[<prev] [next>] [<thread-prev] [thread-next>] [day] [month] [year] [list]
Message-ID: <4B177757.3010407@gmail.com>
Date: Thu, 03 Dec 2009 09:31:19 +0100
From: Eric Dumazet <eric.dumazet@...il.com>
To: Evgeniy Polyakov <zbr@...emap.net>,
David Miller <davem@...emloft.net>
CC: kdakhane@...il.com, netdev@...r.kernel.org,
netfilter@...r.kernel.org
Subject: Re: [PATCH net-next-2.6] tcp: connect() race with timewait reuse
Eric Dumazet a écrit :
>
>
> You are probably right, we could defer the inet_twsk_put(tw) out of locked
> section, you or I will submit another patch to correct this.
>
Here is an updated patch, tested on my dev machine.
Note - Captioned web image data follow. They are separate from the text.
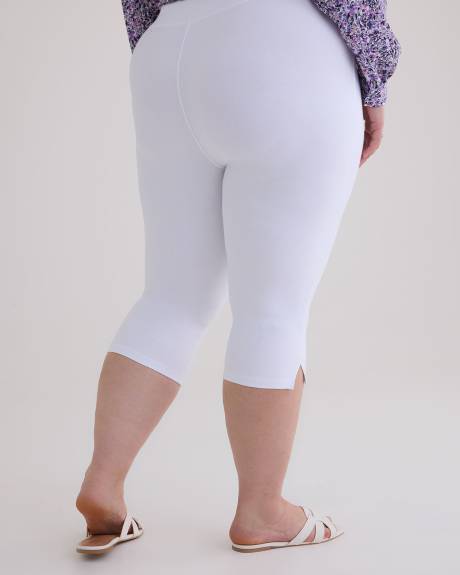 White Denim Capri Legging - PENN. Essentials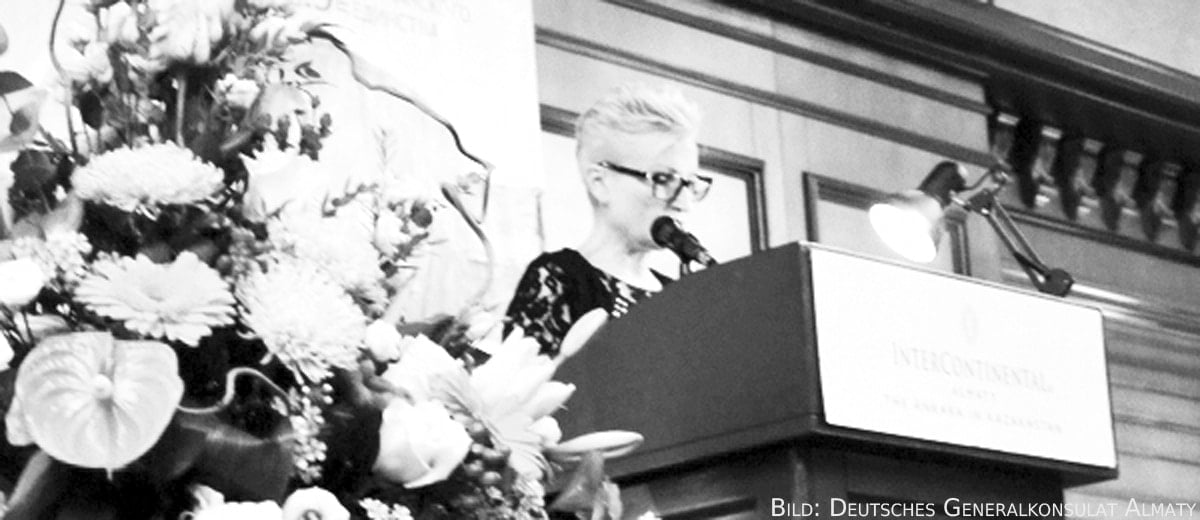 Die Generalkonsulin Frau Dr. Renate Schimkoreit begrüßte am 5. Oktober 2015 zur Feier des „Tags der deutschen Einheit“ die geladenen Gäste. | Bild: Deutsches Generalkonsulat Almaty
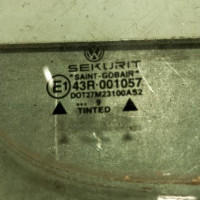 101962043-8737cf4f-26f0-42e3-ac12-1b71e18454b1-Piece-Custode-arriere-droit-porte-1J6845216D-VOLKSWAGEN-GOLF-4-14bf51c6496feb4df211730ab68f4b05789e11f91c1aa29894c3d6464afdd311_m.jpg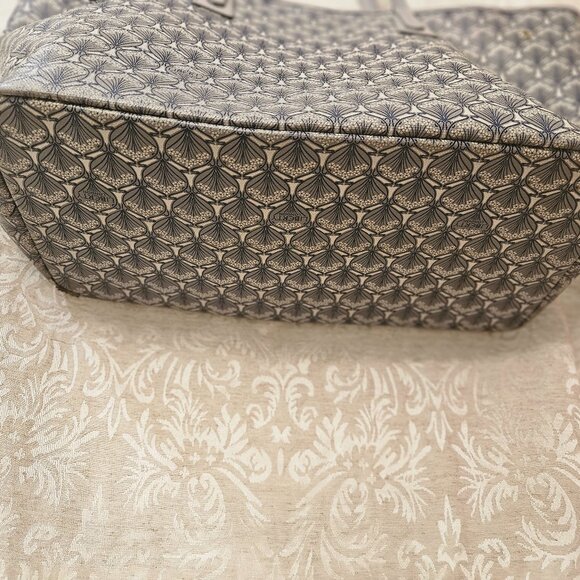 Liberty London Iphis Marlborough large gray/purple bag --omg that violet lining! - Picture 9 of 12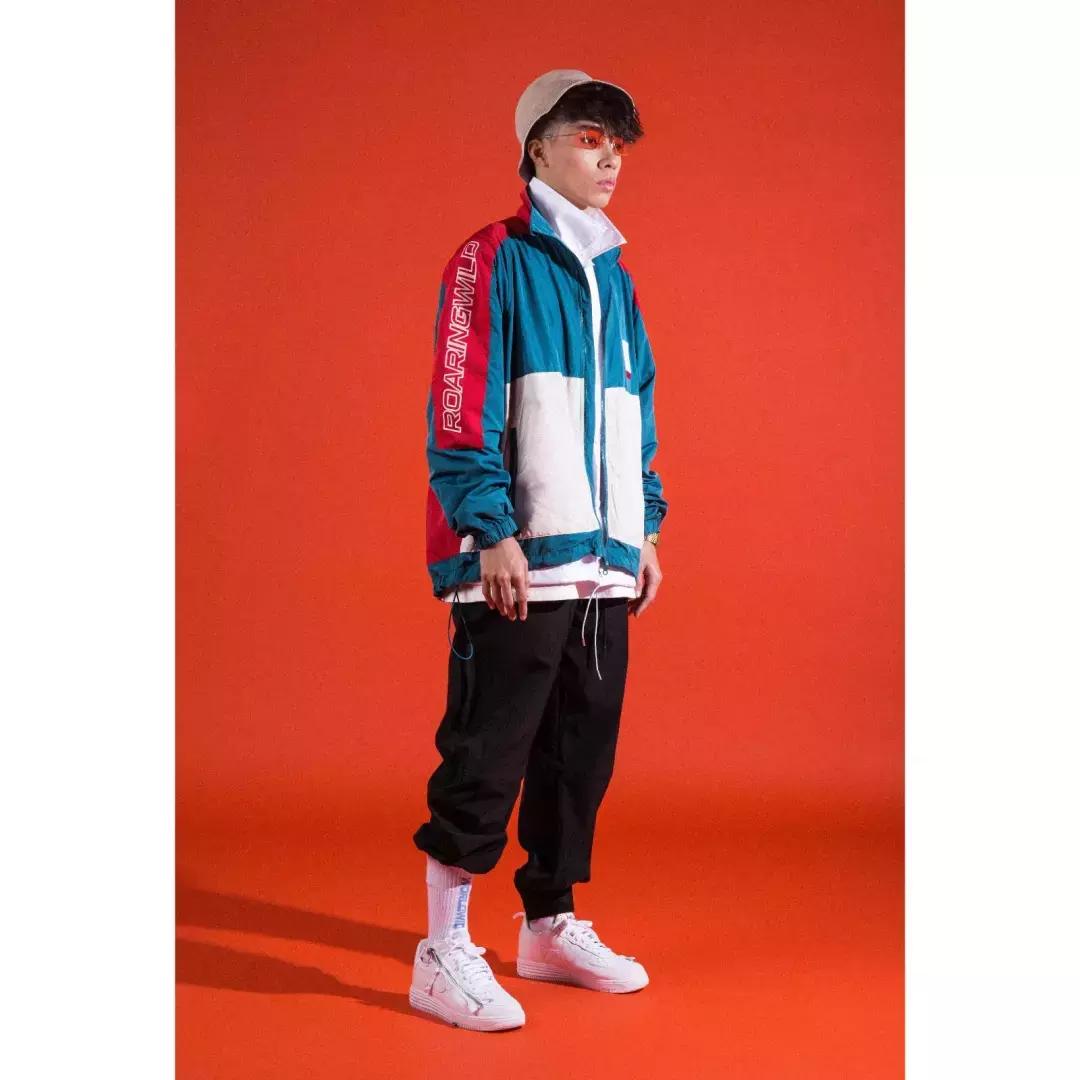 优衣库最值得买的3款白色t恤,优衣库必入手的单品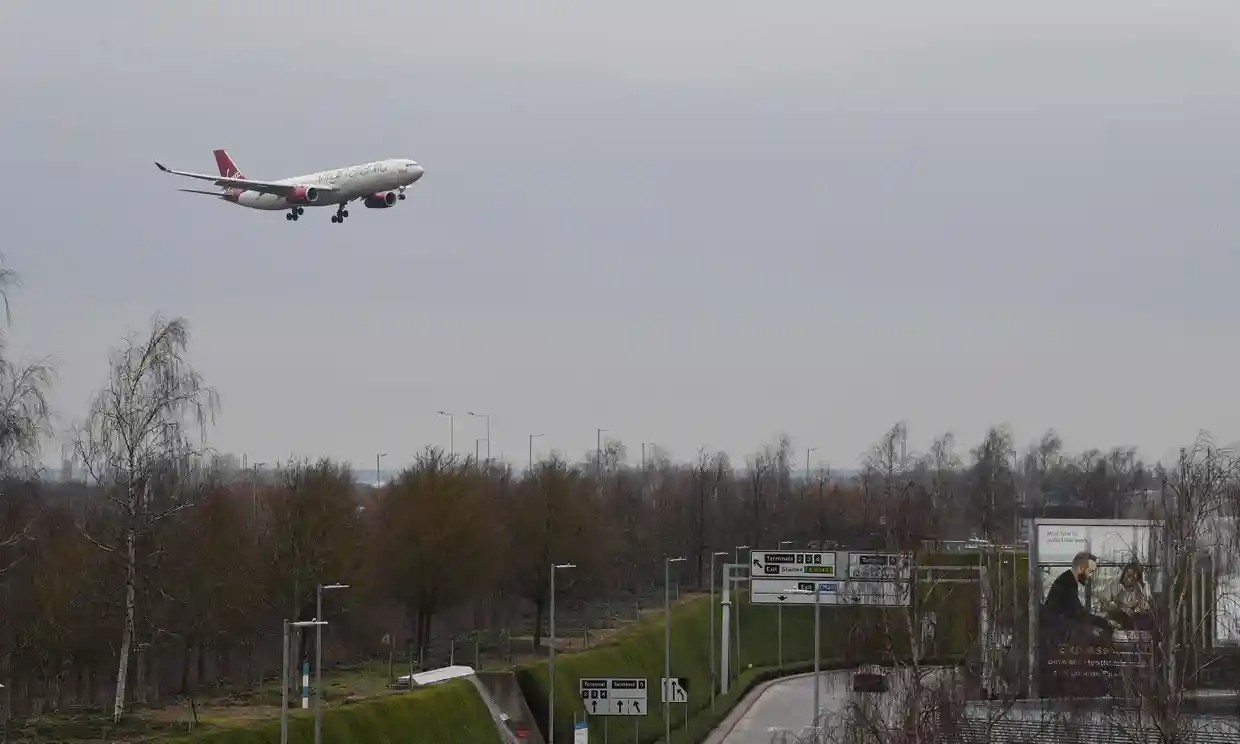 Chuyen bay quay dau giua chung de doi phi cong hinh anh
I found another problem about tw refcnt I am going to address ASAP.
Thanks !
[PATCH net-next-2.6] tcp: connect() race with timewait reuse
Its currently possible that several threads issuing a connect() find the same
timewait socket and try to reuse it, leading to list corruptions.
Condition for bug is that these threads bound their socket on same address/port
of to-be-find timewait socket, and connected to same target. (SO_REUSEADDR needed)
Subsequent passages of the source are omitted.